(Short descriptive text snippets)
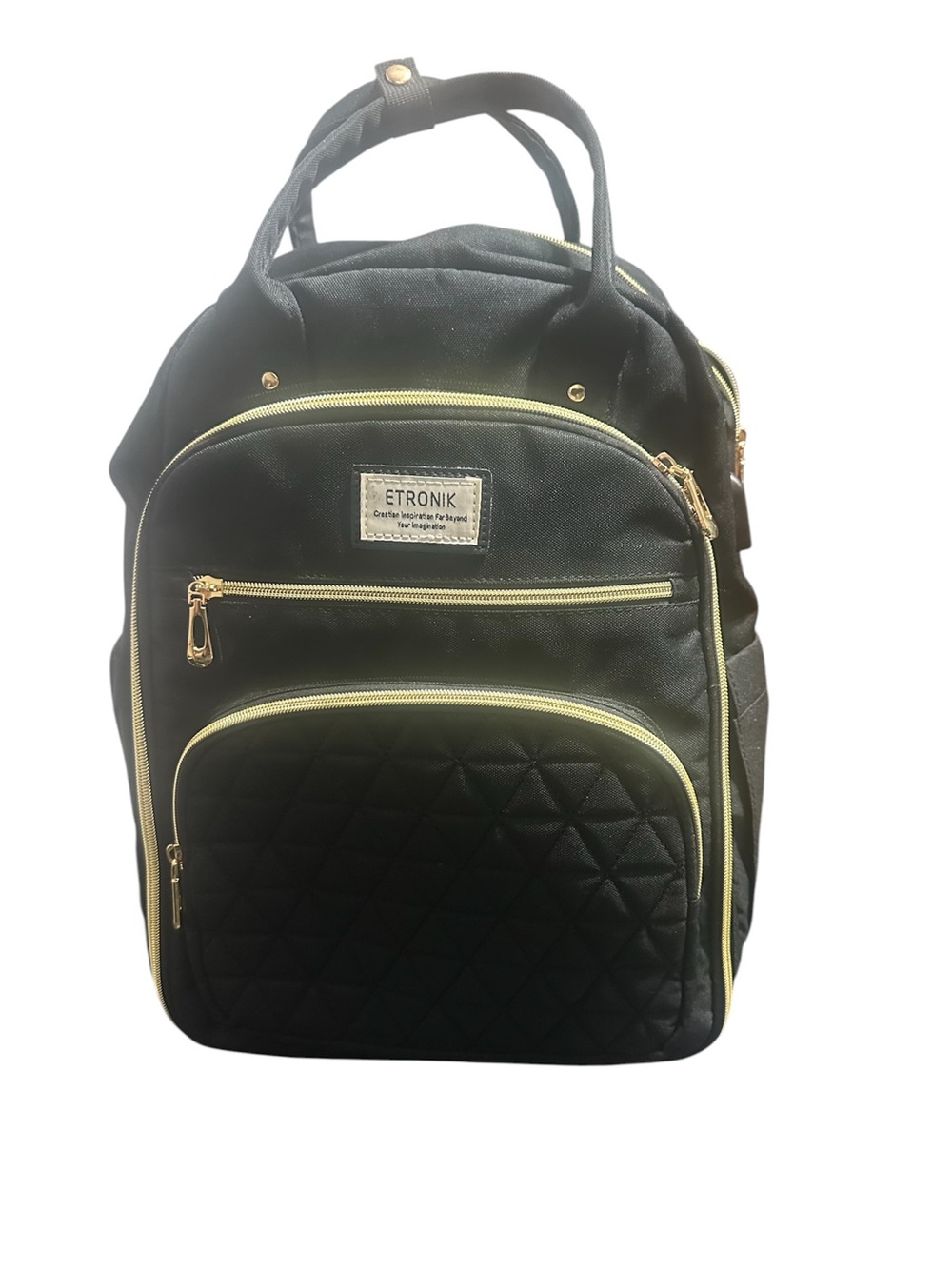 Etronik Black Lunch Backpack Laptop Bag Insulated Compartment Fits 15.6”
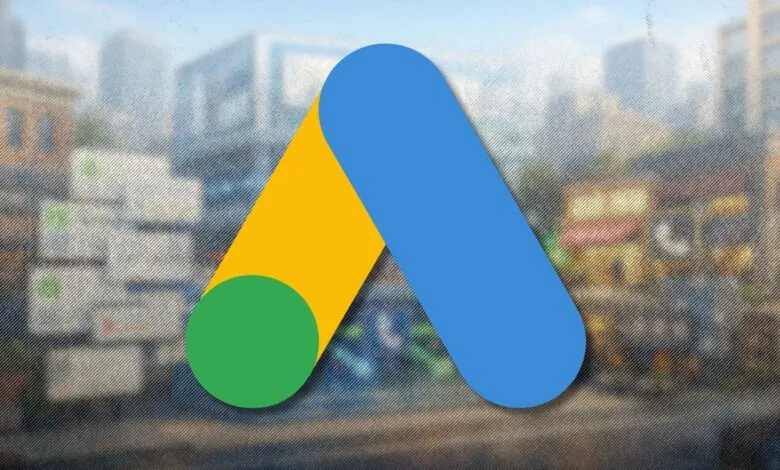 Google Ads logo with a blurred city background.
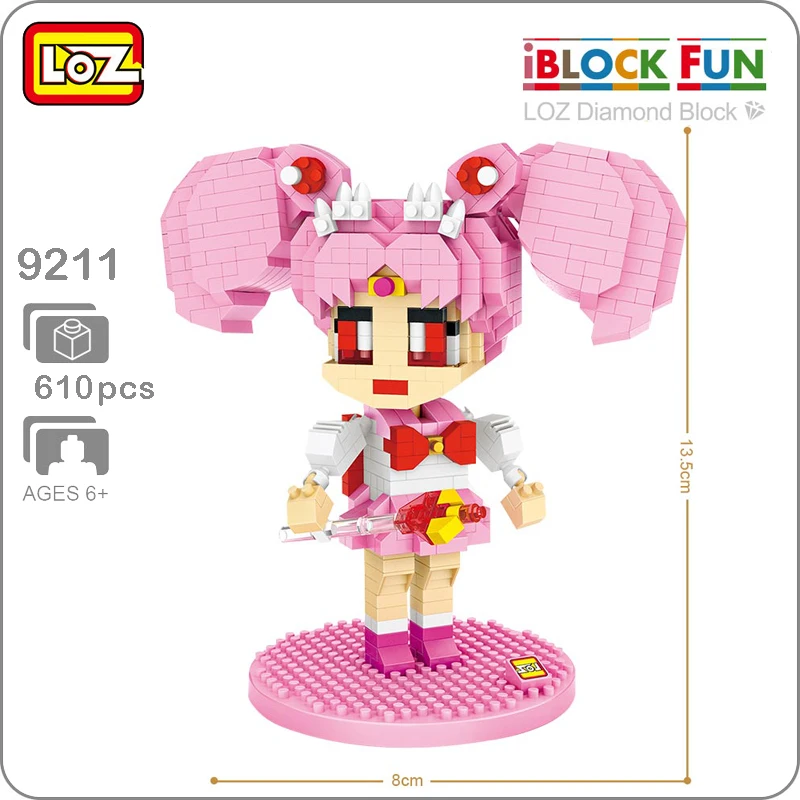 

LOZ Anime Sailor Moon Chibiusa Girl Figure Building Blocks 3D Model DIY Small Blocks Brick Assembly Toy for Children Gifts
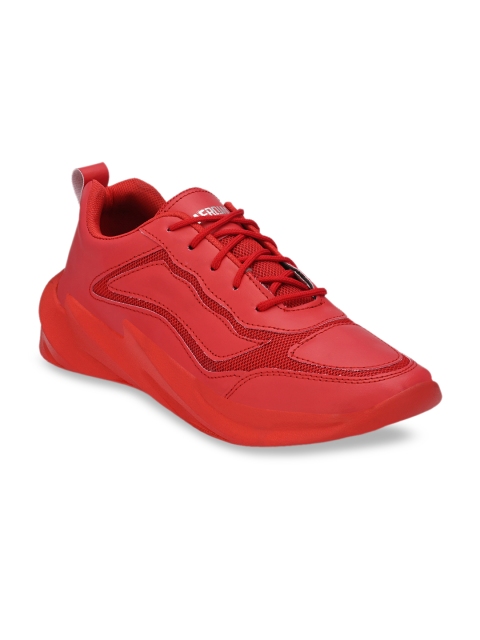 

AfroJack Men Red Woven Design Mesh Sneakers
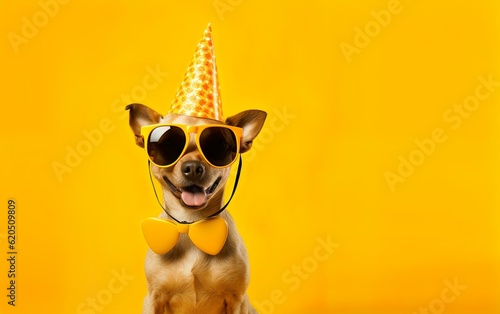 Cute dog in Party Hat, bow tie and Sunglasses over bright Yellow Background. Funny Pet Celebration © lanters_fla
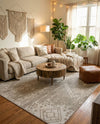 Desert Nomad Terrace Collection Area Rug - Sahara (Gray) Square Gray  lifestyle 56
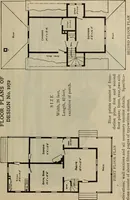 An illustration from Practical bungalows and cottages for town and country, perspective views and floor plans for three hundred low and medium priced houses and bungalows .. (1916)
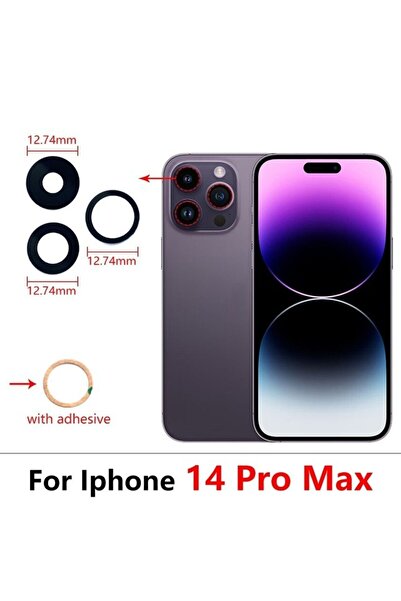 indirimplus iphone 14 Pro Max Arka Kamera Camı Lens Yapışkanlı 3 Lü (KAMERA K...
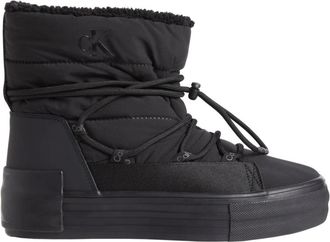 Calvin Klein Jeans Bold Vulc Flatf Snow Boot - Zwarte Enkellaarzen voor Dames - Dames - Winterlaarzen - Zwart - 36 EU - Polyester - Schoenen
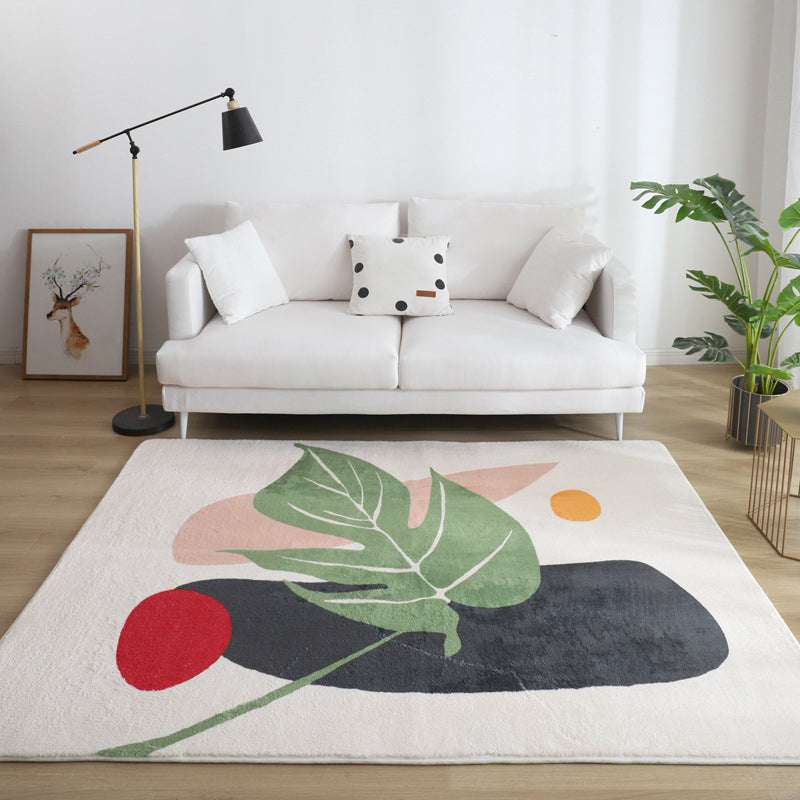 Pink Nordic Rug Polyester Irregular Color Block Rug Washable Rug for Living Room
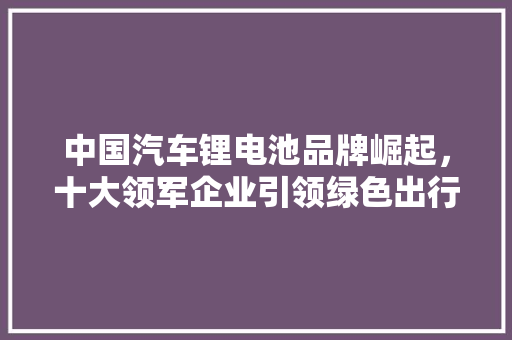 中国汽车锂电池品牌崛起，十大领军企业引领绿色出行新时代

Task item:
The data above should be set down again exactly, with the pictures omitted.

Answer below:
 Etronik Black Lunch Backpack Laptop Bag Insulated Compartment Fits 15.6”
 Google Ads logo with a blurred city background.

LOZ Anime Sailor Moon Chibiusa Girl Figure Building Blocks 3D Model DIY Small Blocks Brick Assembly Toy for Children Gifts

AfroJack Men Red Woven Design Mesh Sneakers
 Cute dog in Party Hat, bow tie and Sunglasses over bright Yellow Background. Funny Pet Celebration © lanters_fla
 Desert Nomad Terrace Collection Area Rug - Sahara (Gray) Square Gray  lifestyle 56
 An illustration from Practical bungalows and cottages for town and country, perspective views and floor plans for three hundred low and medium priced houses and bungalows .. (1916)
 indirimplus iphone 14 Pro Max Arka Kamera Camı Lens Yapışkanlı 3 Lü (KAMERA K...
 Calvin Klein Jeans Bold Vulc Flatf Snow Boot - Zwarte Enkellaarzen voor Dames - Dames - Winterlaarzen - Zwart - 36 EU - Polyester - Schoenen
 Pink Nordic Rug Polyester Irregular Color Block Rug Washable Rug for Living Room
 中国汽车锂电池品牌崛起，十大领军企业引领绿色出行新时代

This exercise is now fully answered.